# iBook Won't Turn On



## mooreas (Sep 8, 2008)

I have an old iBook, from 2002, the smallest one you could buy that year. It's been fine, until I shut it down and unplugged it before a long weekend trip. Monday morning, I pushed the power button and got nothing. 

I've read similar postings, except mine does actually recognize the power cord (turned orange then green when fully charged) and the four green lights on the bottom turn on when I hit the 'battery charged' button. I've taken out the battery and put it back in several times - no luck. I've pressed every combination of keys + power button, no luck. Any ideas out there?

And when I say nothing happens when I push the power button, I mean nothing - no noise as if the hard drive is revving up or anything. 

Thanks!


----------



## sinclair_tm (Mar 11, 2005)

Did you try resetting the PMU? Do this by pushing these 4 keys at once and then letting go, power-control-option-shift. Wait 5 seconds then push the power button. If that doesn't work, I'd also try it without the batter in it, and then without it plugged in the wall.

Now I ask this question because my iBook does fall under this category. How beat up this this thing. I got mine used, and I could tell that it's been take apart several times. The only way I can get my power button to work is by, very carefully, pushing the screen as far back as I can get it, and while applying slight presser to the screen I push the button as hard as I can. My problem is the the case wasn't put back together right, and the main board is not within reach of the power button, so by pushing the screen all the way back, it moves the board up just enough that the power button can make contact with the switch on the board and turn it on.

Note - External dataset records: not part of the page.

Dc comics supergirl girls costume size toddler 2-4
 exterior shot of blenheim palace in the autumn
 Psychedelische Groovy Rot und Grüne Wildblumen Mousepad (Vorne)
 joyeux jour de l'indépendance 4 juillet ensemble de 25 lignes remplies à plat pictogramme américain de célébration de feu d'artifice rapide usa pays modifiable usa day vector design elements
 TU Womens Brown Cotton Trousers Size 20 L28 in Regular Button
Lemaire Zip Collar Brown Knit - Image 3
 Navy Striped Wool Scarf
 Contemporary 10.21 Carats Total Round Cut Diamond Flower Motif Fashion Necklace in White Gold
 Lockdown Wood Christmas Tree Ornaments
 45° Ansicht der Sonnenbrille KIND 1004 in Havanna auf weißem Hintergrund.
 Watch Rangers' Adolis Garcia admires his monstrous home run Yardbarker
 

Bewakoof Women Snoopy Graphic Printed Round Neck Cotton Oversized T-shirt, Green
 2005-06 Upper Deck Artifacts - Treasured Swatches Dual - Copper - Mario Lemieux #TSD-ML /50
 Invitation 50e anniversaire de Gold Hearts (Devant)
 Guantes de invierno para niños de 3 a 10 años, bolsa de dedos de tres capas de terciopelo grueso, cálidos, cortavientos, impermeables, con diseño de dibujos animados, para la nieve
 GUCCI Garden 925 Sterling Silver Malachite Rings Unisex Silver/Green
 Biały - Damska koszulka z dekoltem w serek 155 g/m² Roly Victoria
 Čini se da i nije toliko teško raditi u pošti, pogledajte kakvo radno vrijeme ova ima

If that doesn't help either, it could be that it died, and needs a repair of some kind.


----------



## mooreas (Sep 8, 2008)

Thanks so much for your suggestion. I'll try the four-button thing this evening. What's the PMU? 

This iBook is in really good condition, I bought it new in 2002 and have been obsessively careful with it ever since, so I'm really surprised that it just died on me, although that's what electronics do I suppose.

But having said that, I feel like there is something going on with the power switch - it's just not making contact. So I'm going to try your screen/power button trick as well. The fact that it's recognizing the battery and power cord makes me think the brain is still ok, but the power switch just isn't getting tripped. 

Thanks so much!


----------